Levy: E desde quando você não pode contar comigo? Você sabe que eu estou aqui por e pra você em todas as horas.
Fábio: Quero que você me escolha, como eu faço, como quando meus amigos ligam e me convidam e eu recuso com "Me desculpe, mas hoje Levy tem que estudar" ou "Podemos ir só um pouco, porque Levy tem outros compromissos e não vou deixá-lo sozinho". Porque por mais banal, como socorrer um amigo com o carro quebrado, ou outro sem transporte para o seu gás, eu te incluo, e fico triste de você ver a minha impossibilidade e nem por isso deixar. É só remarcar, para que eu possa ir também. Afinal, a vida não termina nesse fim de semana.
Levy: Mas assim você quer me impedir de viver.
Fábio: Não quero te impedir, só queria que você entendesse esse meu valor, pois é assim que eu vejo respeito.
Levy: Eu não te entendo, se eu te trato tão bem, porque tamanha desconfiança?
Fábio: Não é desconfiança, é prioridade.

Altas horas, fortes ventos, quentes febres, cego de uma lembrança atordoante, Fábio se precipita e lança palavras afiadas, facas amoladas, espadas forjadas em desgostoso fogo.

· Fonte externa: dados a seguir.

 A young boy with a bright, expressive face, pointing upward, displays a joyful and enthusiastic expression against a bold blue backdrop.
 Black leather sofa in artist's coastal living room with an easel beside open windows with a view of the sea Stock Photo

Fábio: Me vejo as voltas do meu antigo relacionamento e não quero que seja assim. Talvez eu te ame em demasia e isso me envenene.
Levy: Como ousas me comparar àquele individuo que te fez tanto mal, se eu te faço tão bem?

Fábio percebe o equívoco insano. Perdido, se sente em um mar de lama, não conseguindo nadar até a margem, preso em seus próprios detritos.

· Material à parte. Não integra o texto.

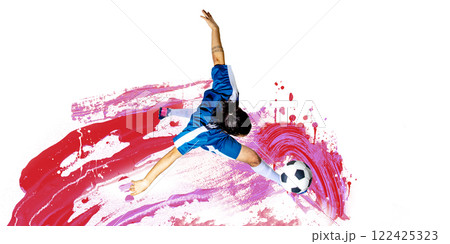 Modern art collage. Male soccer goalkeeper dressed in blue jersey, diving to block ball, stretching arms wide, against intense red and pink brushstroke background. Modern art collage. Male soccer goalkeeper dressed in blue jersey, diving to block ball, stretching arms wide, against intense red and pink brushstroke background. 122425323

Fábio: Eu não estou te comparando a ele. Mas essa atitude me faz lembrá-lo. Por favor, tente mudar.
Levy: Isso é um ultraje, eu não sou, nem fui nem serei como ele.
Fábio: Você tem razão, é só essa atitude. Mas eu não sei como abrir seus olhos. Você também já sofreu por mim e de maneiras nem sempre convencionais, conseguiu abrir os meus. Agora sou eu que estou aqui, tentando de mostrar a minha tristeza, e você está renunciando a perceber.

Silêncio

Fábio: Eu errei em comparação tão chula e grotesca. Disso me arrependo.
Levy: Não sei se tenho ainda vontade de olhar essa sua face ingrata.
Fábio: Me perdoe, mas tente me entender. Eu te dei a minha vida, mas quero perceber que também sou a sua, em todos os momentos. Eu jamais duvidei das tuas juras, dos teus carinhos e do teu bem querer. Há aqui uma única questão a ser resolvida, a prioridade, que para mim é tão importante quanto o Sol é para a Terra. Se você acha que meu valor é errado, ultrapassado, ou equivocado, me diga. Mas não encerre a conversa por uma comparação pobre e inapropriada, da qual me arrependo.
Levy: Agora eu tenho raiva. Depois nem sei.
Fábio: Eu quero conversar, só isso.

A situação não se resolvera, mas a Páscoa chegara. Em tempo de passagem, Fábio espera que Levy abra o coração e estenda a mão, para que os dois possam atravessar o mar juntos. Isso só acontece meus caros, porque aí existe amor. Essa é uma briga para que o amor vença, não para que ele sucumba, porque quem ama, luta.